C'est d'ailleurs en consultant ces données qu'Emilie a souhaité en connaître encore plus sur son histoire personnelle.

"Mon acte de naissance ne contient que mon prénom, donné par la directrice de la pouponnière. Tous les autres champs (date, lieu, etc.) sont marqués: 'néant'. C'est dur…", ajoute-t-elle.

Dans ses démarches, la jeune femme est épaulée par sa famille adoptive, qui comprend parfaitement le désir d'Emilie de retrouver ses racines.
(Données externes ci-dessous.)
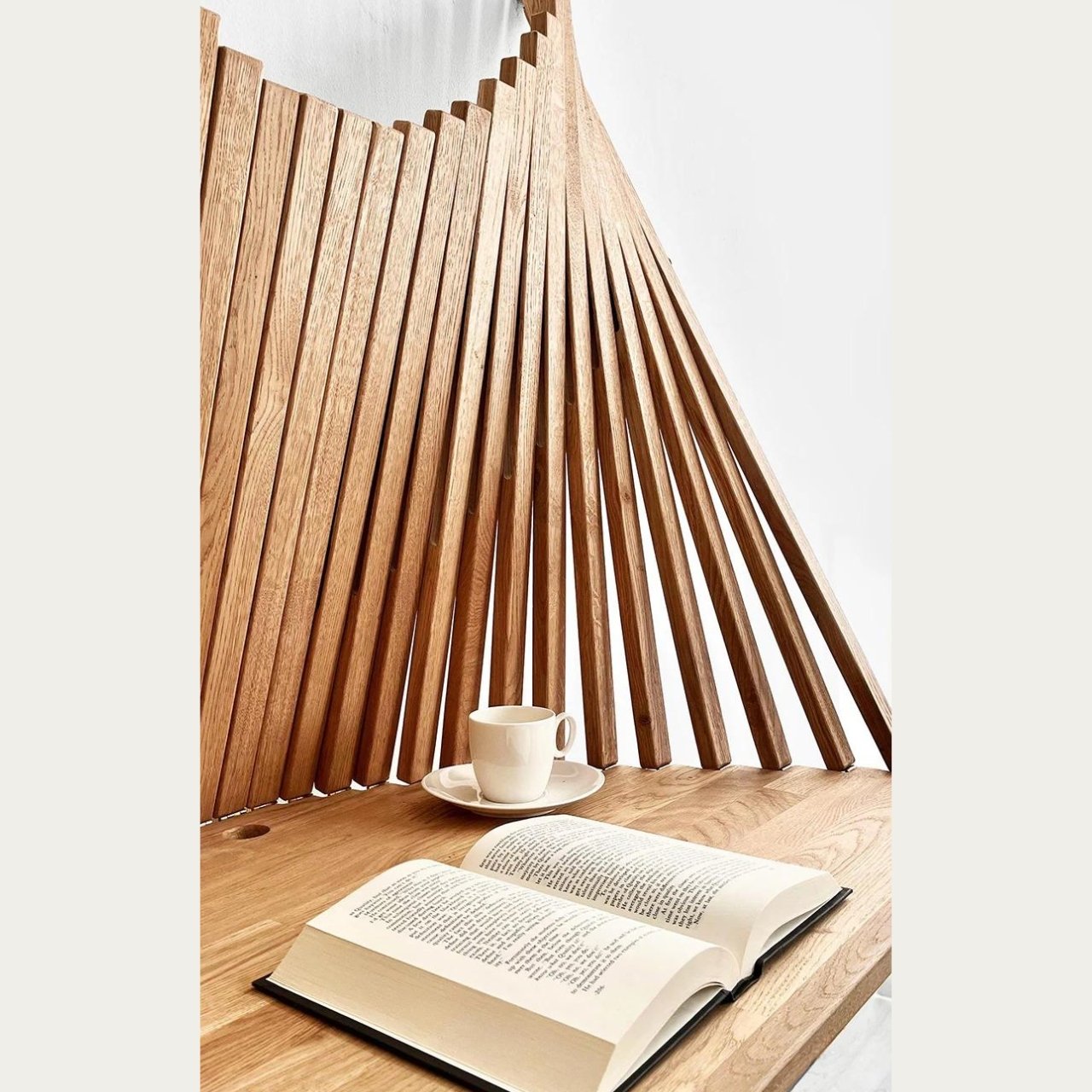 Robert van Embricq，FLOW WALL DESK，Minimalism，sustainable，product design，furniture design ，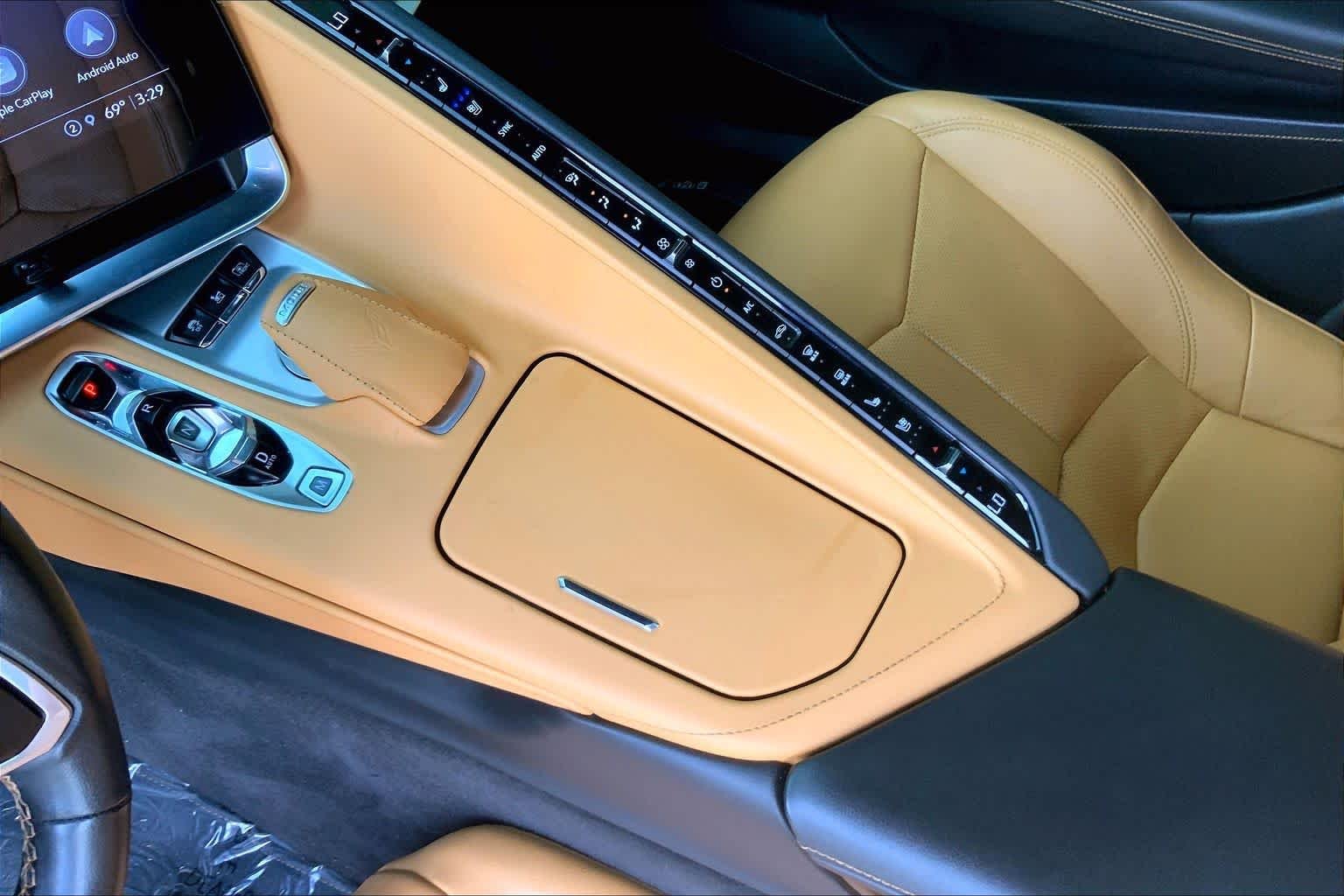 2023 Chevrolet Corvette 2LT - Photo 15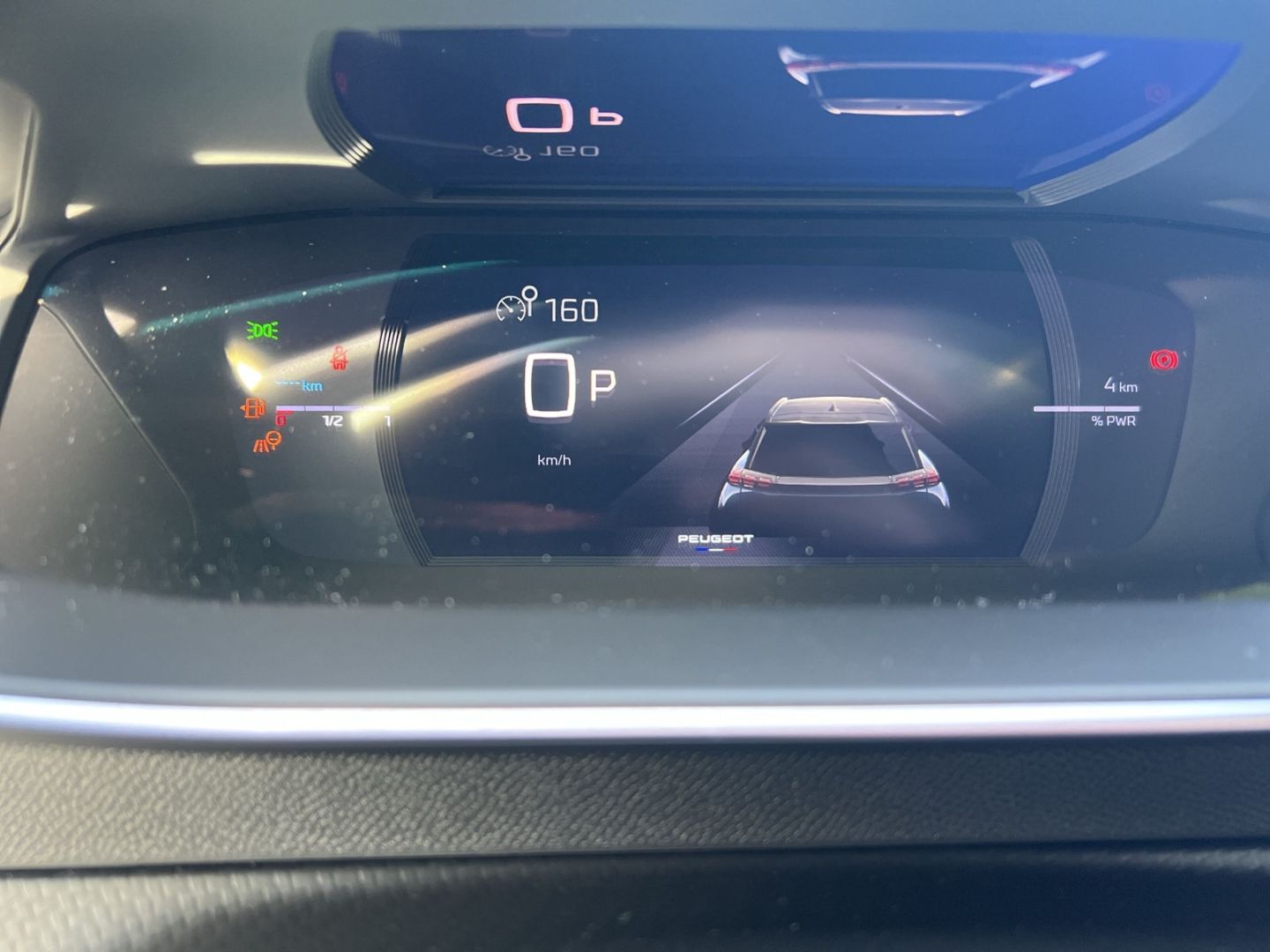 Fahrzeugabbildung Peugeot 2008 Hybrid GT 145 e-DSC6 ACC Panodach Navi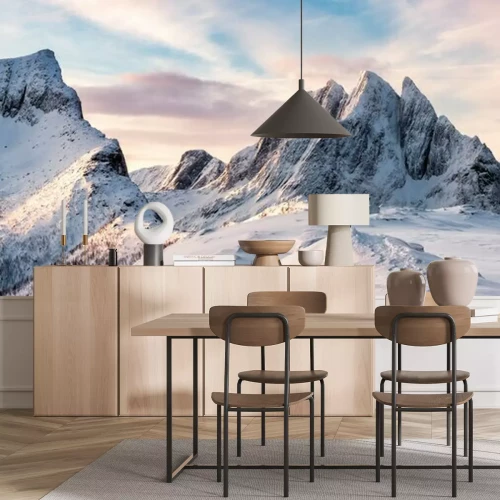 Fotobehang Een panorama van met sneeuw bedekte bergen tegen een heldere hemel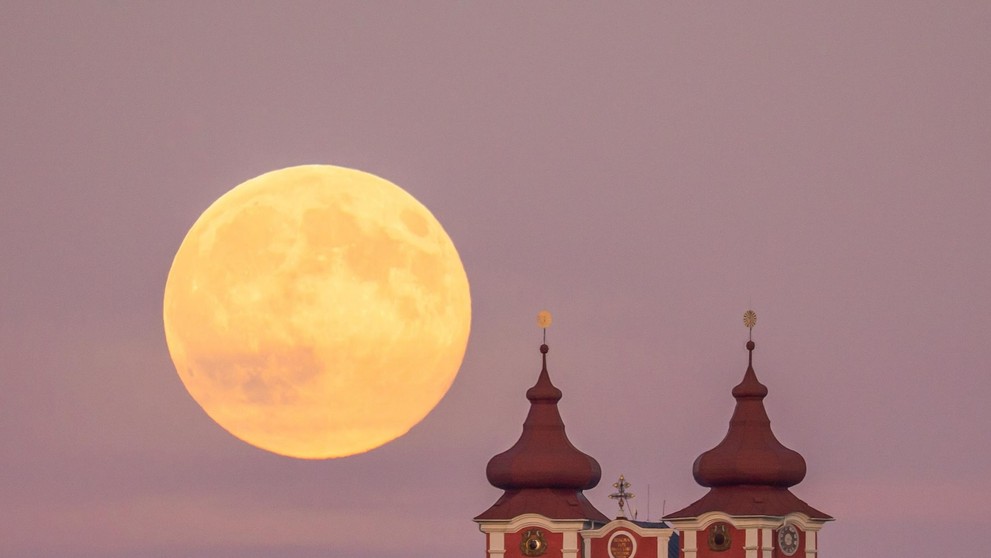 Novembrový spln nad Banskou Štiavnicou.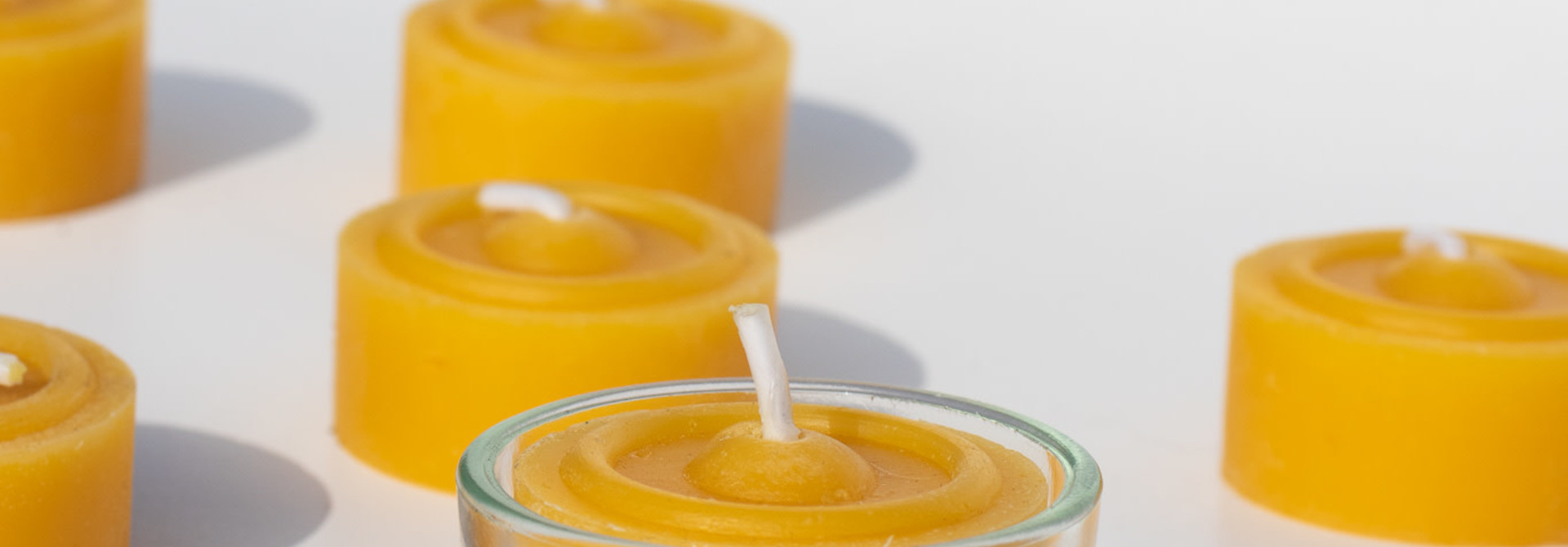 Beeswax tea light with glass jar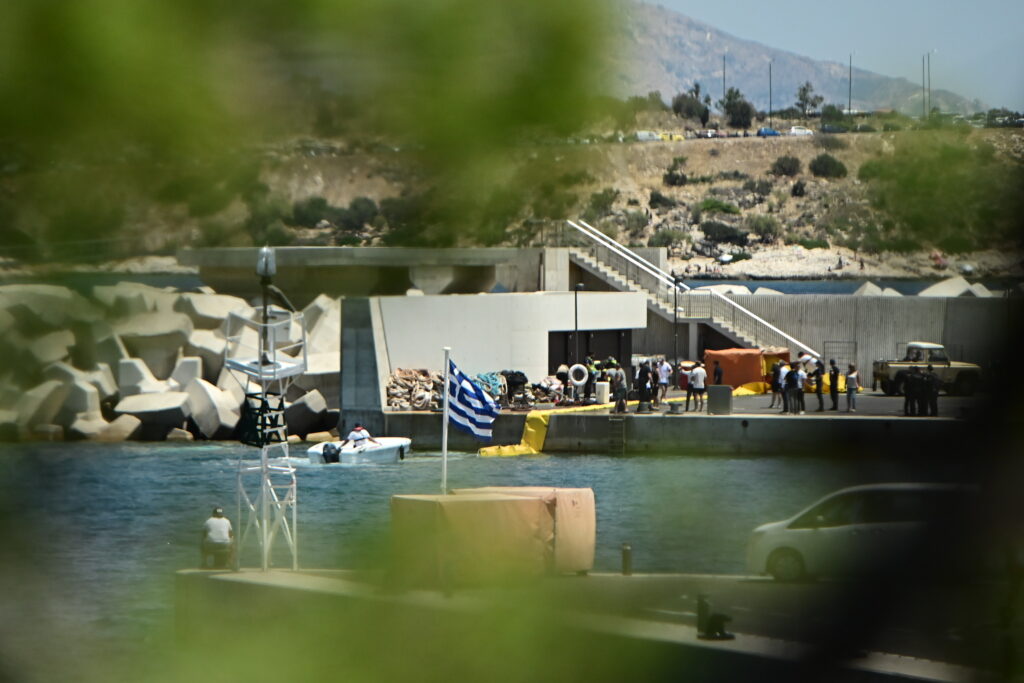 Βουλιαγμένη: Συνελήφθη ο κυβερνήτης του ελικοπτέρου – Τι αναφέρει το Λιμενικό
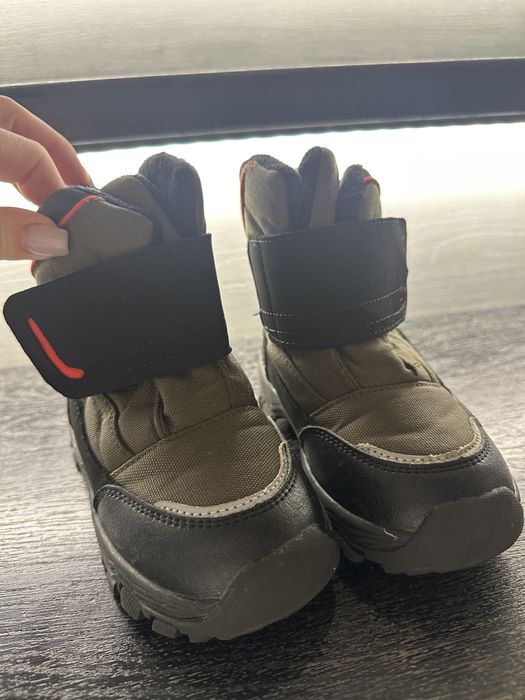 Взуття черевики чоботи на хлопчика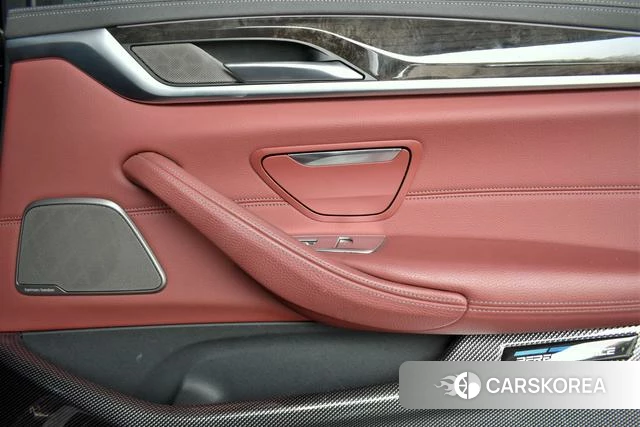 BMW 5 series 2020 Черный из Китая, фото 6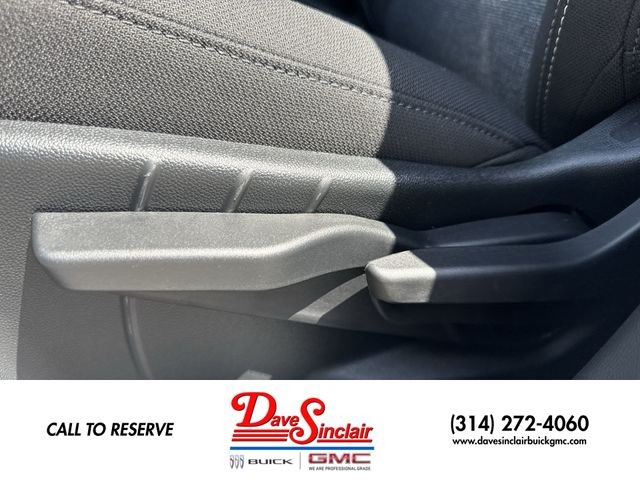 GMC Terrain Vehicle Full-screen Gallery Image 12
"Elle nous a demandé notre accord avant de publier son message sur Facebook. Elle voulait être sûre que ça ne nous gênait pas. Elle ne sait pas si elle est née dans une maternité, si sa maman était contente lorsqu'elle est née, si elle a été aimée. C'est un vide terrible. Donc nous comprenons totalement qu'elle ait besoin de réponses pour l'aider à se construire", soulignent-ils, toujours au Parisien.

Une femme aperçue avant l'abandon

Pour l'heure, plusieurs pistes se sont ouvertes à elles. Grâce à cet appel, Emilie a pu reprendre contact avec Isabelle, une jeune femme âgée de 22 ans au moment des faits, employée de l'aéroport, qui a été la première a signaler la poussette du bébé abandonné.

"Je l'ai reconnue tout de suite. Elle avait le même regard et le même sourire que ce bébé dans la poussette. Elle était aussi joyeuse", se remémore, forcément émue, cette dernière.

Pour autant, les recherches se poursuivent et afin de mettre toutes les chances de son côté, celle qui travaille désormais dans l'hôtellerie de luxe a fait appel à une banque de données génétiques afin de retrouver ses origines géographiques. Selon les résultats, elle serait à 50% d'origine indienne, et 50% de l'Est de la France.

En guise de conclusion, Emilie signale une piste qui n'a pas encore été exploitée par les autorités, et qui pourrait s'annoncer porteuse d'espoirs.

"Dans un procès-verbal de mon dossier, une femme de ménage d'Orly déclare avoir vu une jeune femme d'une trentaine d'années, typée, blonde décolorée, qui poussait comme un automate des valises et une poussette", rapporte-t-elle.